§ Source data

::::::::

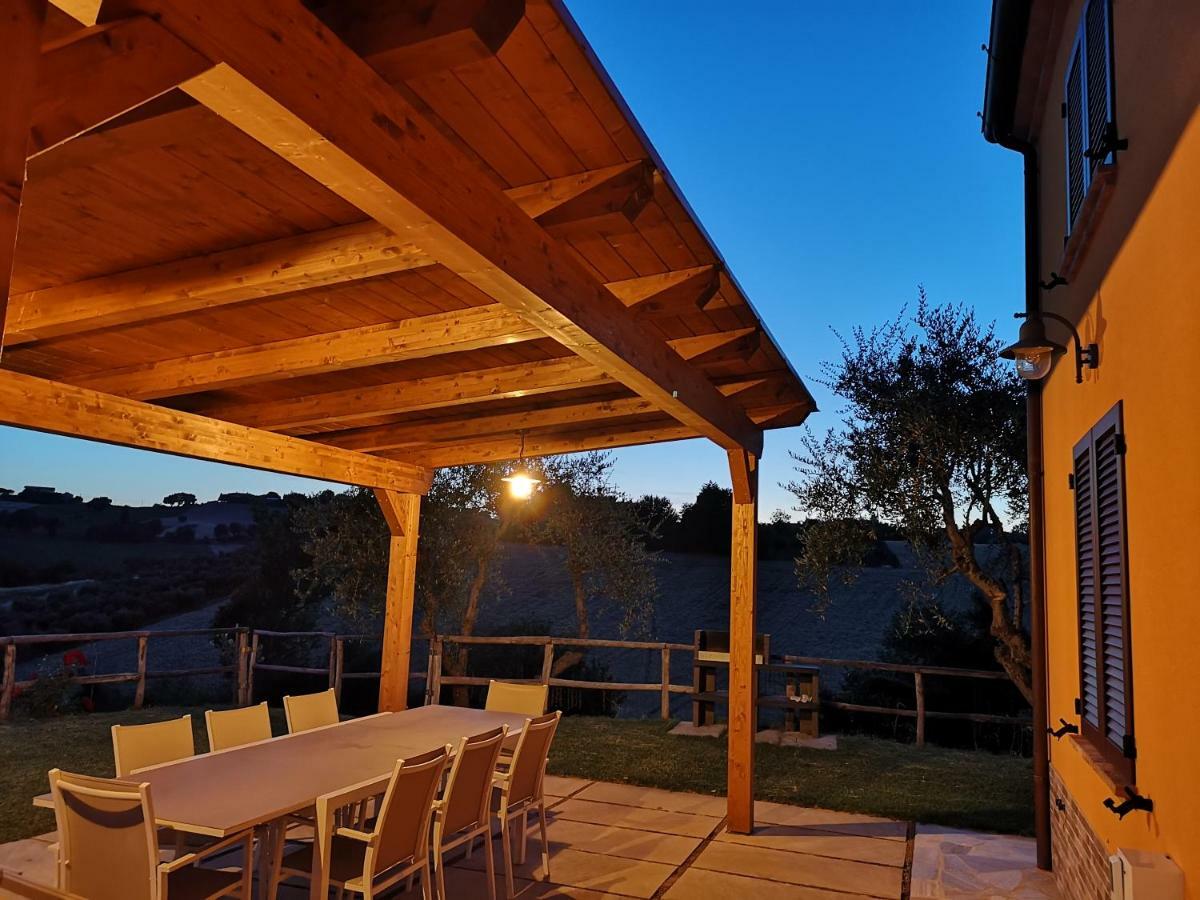 Montenovo Country House Ostra Vetere Extérieur photo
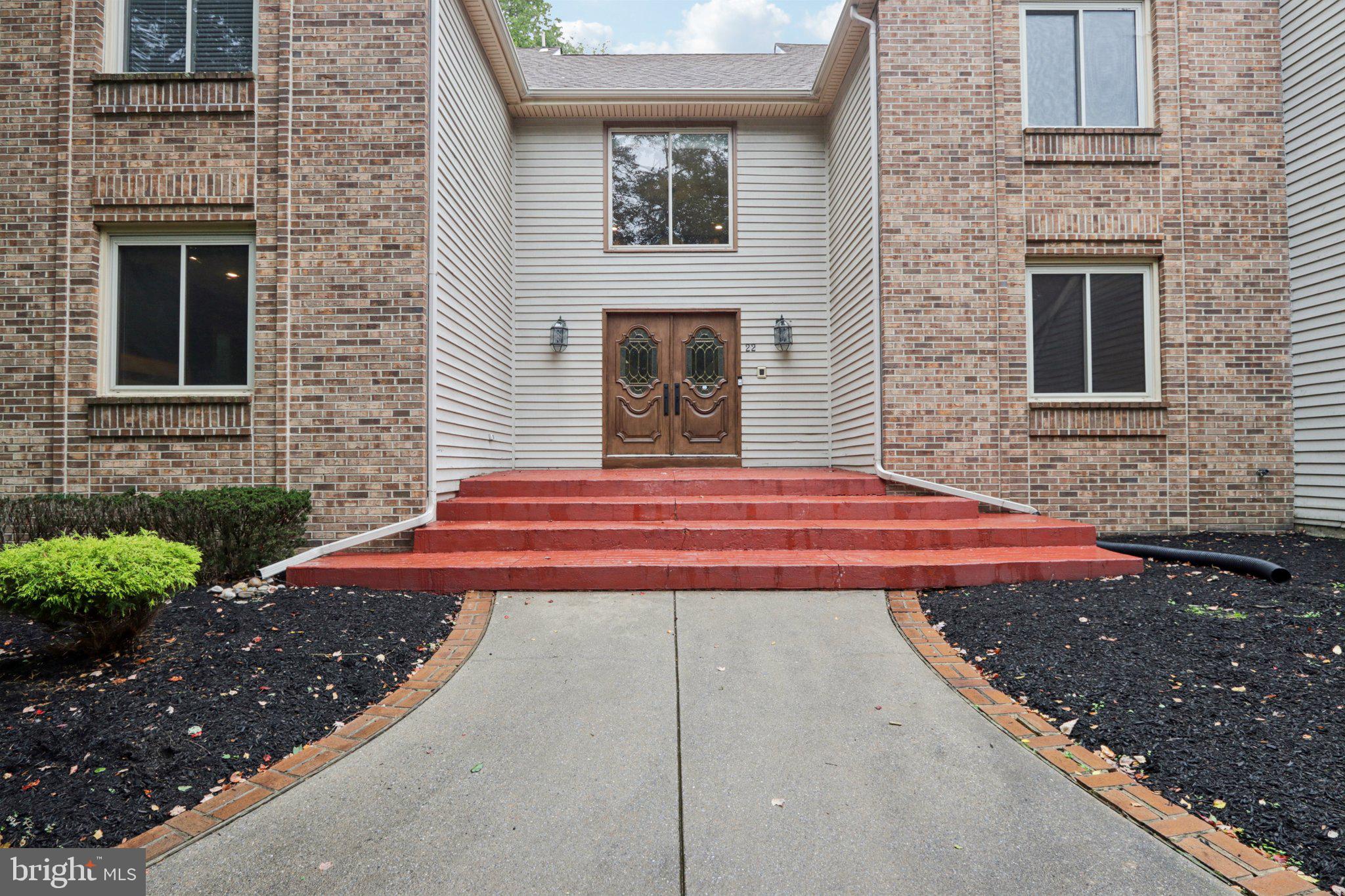 22 HOLLY OAK DRIVE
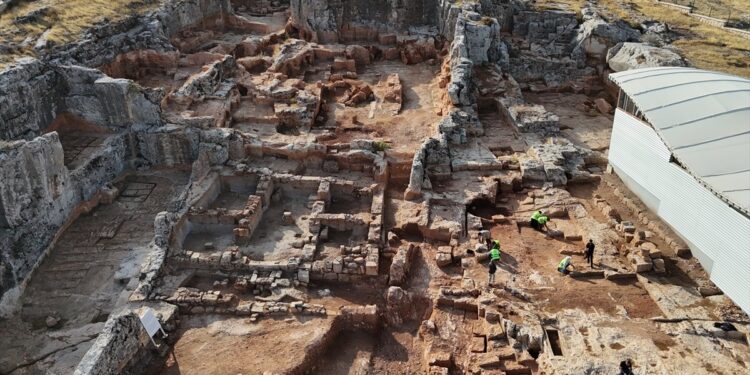 Perre Antik Kenti Keşfi: 1500 Yıllık Mozaiklerin Korunması İçin Acil Eylem Planı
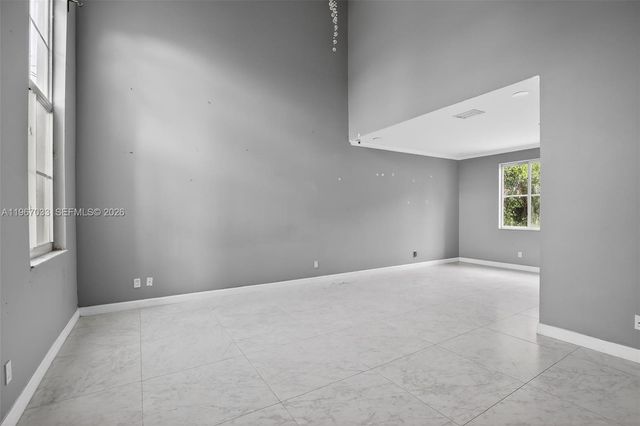 10755 SW 17th Pl, Davie, FL 33324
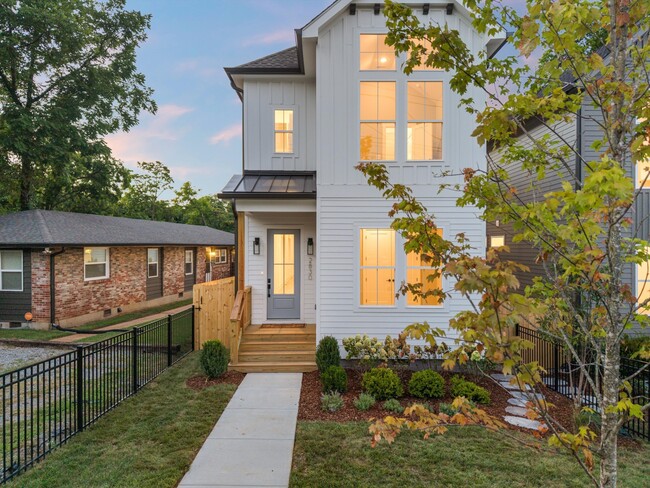 2830 Clifton Ave, Nashville, TN 37209 - photo 4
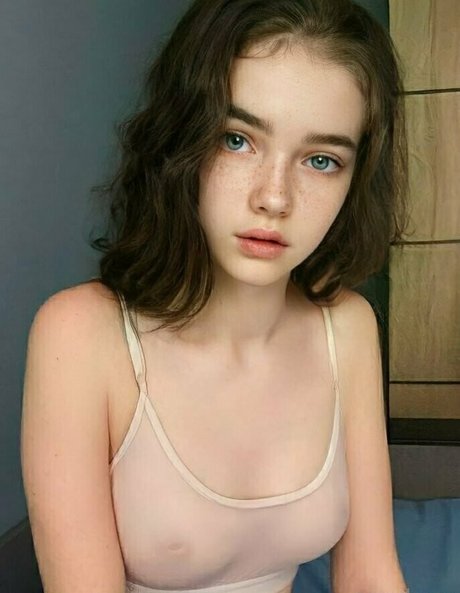 blondiesasha model free photos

::::::::

§ Task item
Reproduce all the records verbatim, excluding images.

§ Output of the exercise
 Montenovo Country House Ostra Vetere Extérieur photo
 22 HOLLY OAK DRIVE
 Perre Antik Kenti Keşfi: 1500 Yıllık Mozaiklerin Korunması İçin Acil Eylem Planı
 10755 SW 17th Pl, Davie, FL 33324
 2830 Clifton Ave, Nashville, TN 37209 - photo 4
 blondiesasha model free photos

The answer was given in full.